Integrating R in Alteryx
The integration of R in Alteryx allows predictive analysis to happen in a more accessible for with ease of use. A key thing to remember when working with creating a predictive model is that every modelling paradigm in R has a predict function.
The image below is what the R tool in Alteryx looks like:
The R tool is a code editor for users. The R tool accepts multiple inputs and labels them in order of connection as #1, #2, and so on. The tool outputs up to 5 data streams from its anchors, labeled 1 through 5.
#1 refers to any input connection label and #5 refers to any output anchor.
To simply start off: how do I read my data using the R tool?
The most key thing you’ll learn with the R tool is reading and writing out data this is done differently to how you write R in R Studio, unlike R Studio data is read using the read.Alteryx() and write.Alteryx() functions.Thi
df <- read.Alteryx(“#1″, mode=”data.frame”)
If you want to access your data and see it in the output you have to remember to write: write.Alteryx()
When we have input data into the R Tool and don’t attach any outputs. As an example, let’s use the function names, which lists all the column headers for a data frame; this will enable us to know what reference to use the different columns of data individually.
Why is reading and outputting data in R different in Alteryx?
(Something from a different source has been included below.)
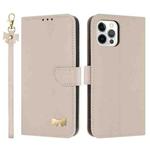 For iPhone 12 / 12 Pro Metal Bow Leather Phone Case with Hand Strap(Apricot)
R is being used within the Alteryx software, for Alteryx and R to be used together, there needs to be data passed between Alteryx and R. This happens through the package Alteryx developed called AlteryxRDataX. This adds an advantage to Alteryx users because it allows them to benefit from all the R community by installing R packages, this increases Alteryx functionality. A lot of these functions can be auto-populated from a drop-down menu in the R Tool configuration.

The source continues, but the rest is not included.